Xiaoye Sherry Li, Lawrence Berkeley National Laboratory*
Candidate Statement: SIAM has been the most important professional society that brings together applied mathematics and computing to solve many real-world problems. It fosters the rapid growth of the interdisciplinary fields in computational science and engineering, with journals and conferences of the highest standard. As a Council member for two and a half years, I have participated in fruitful discussions about improving SIAM Activity Groups, conferences, journals, and prize and award programs. I visited a number of SIAM Student Chapters at various universities. I believe SIAM can play a more prominent role in (1) facilitating closer collaboration between theoreticians and practitioners through joint appointments, conferences, and publications, (2) providing more opportunities to involve graduate students and junior scholars, and promoting diversity, (3) nurturing nontraditional areas that require cross-cutting technologies, such as analysis of experimental data from scientific instruments.

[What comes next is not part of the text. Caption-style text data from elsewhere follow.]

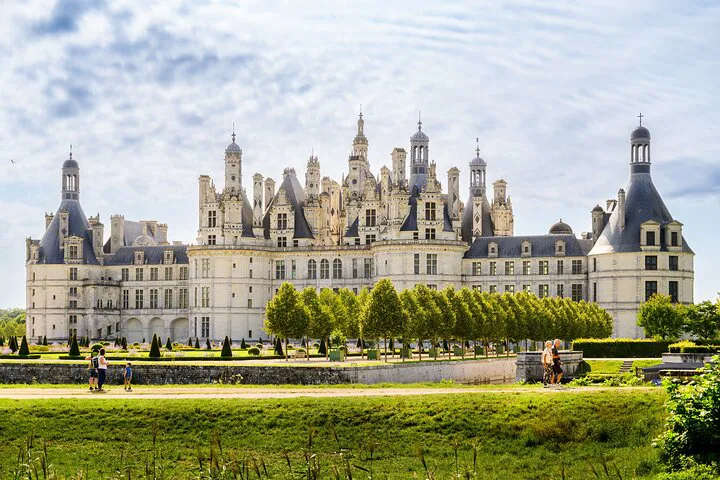 Loire Valley's Chambord Castle Day Trip from Paris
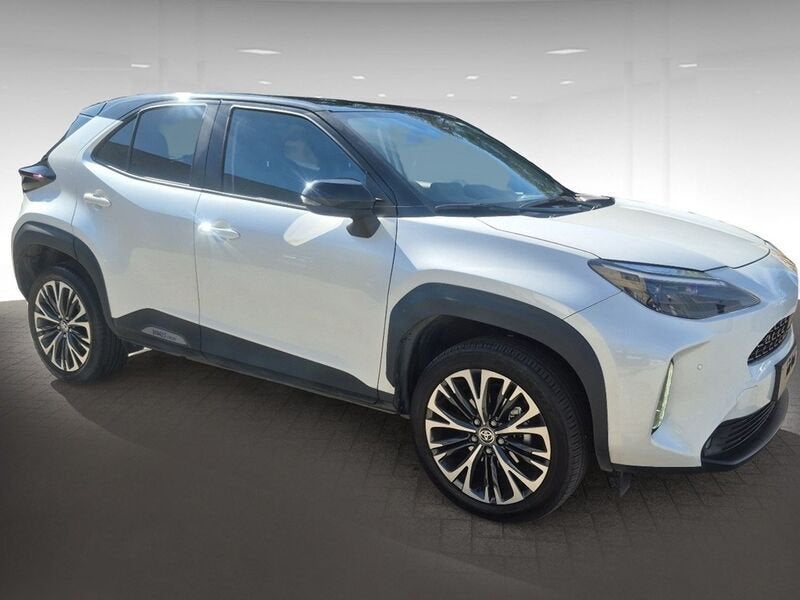 Toyota Yaris Cross 1.5Hybride, Automaat, Emergency brake assist, Zwart, 0 kW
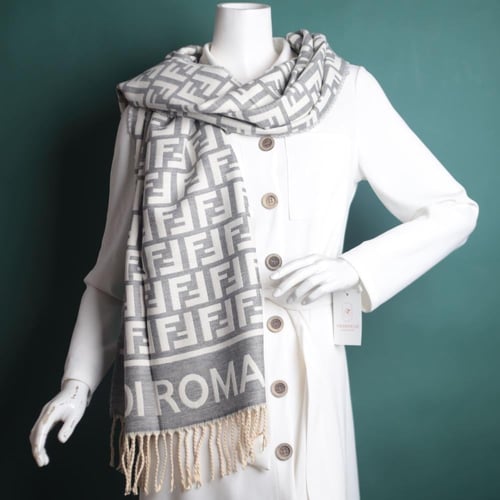 شال فندي F110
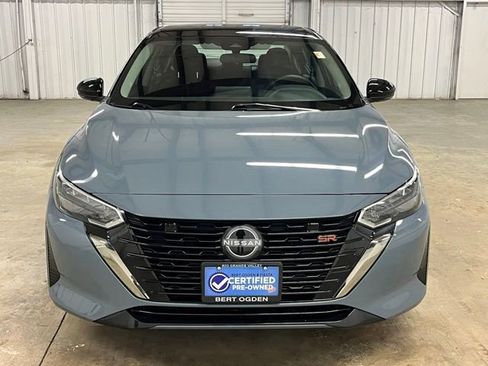Used 2025 Nissan Sentra SR FWD image 2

In my capacity as a Council member, I would like to continue working with the SIAM community in developing better approaches in these areas.
Joel A. Tropp, California Institute of Technology*
Candidate Statement: This is an exciting time for applied and computational mathematics. Traditional areas (such as computational science & engineering) have made and continue to make significant contributions to society. At the same time, younger parts of our field (such as mathematics of data science) have been steadily increasing in importance.
One of the great opportunities for SIAM is to promote both the younger and older branches of our field and to establish a rapport between them, both in our research and educational programs. I also think it is important to support the careers of younger scientists so that we can establish the next generation of leaders in our field.
As a first step in this program, I worked with Tammy Kolda to establish the SIAM Journal on Mathematics of Data Science (SIMODS), which will publish its first issue in the fall. I am also serving as the co-chair of the first SIAM Conference on Mathematics of Data Science, to take place in 2020.
At the same time, we do face a few serious challenges, such as uncertainty about federal research funding and the maintenance of our journals as publishing models evolve.
With these opportunities and challenges in mind, I am grateful to be considered for re-election to the SIAM Council.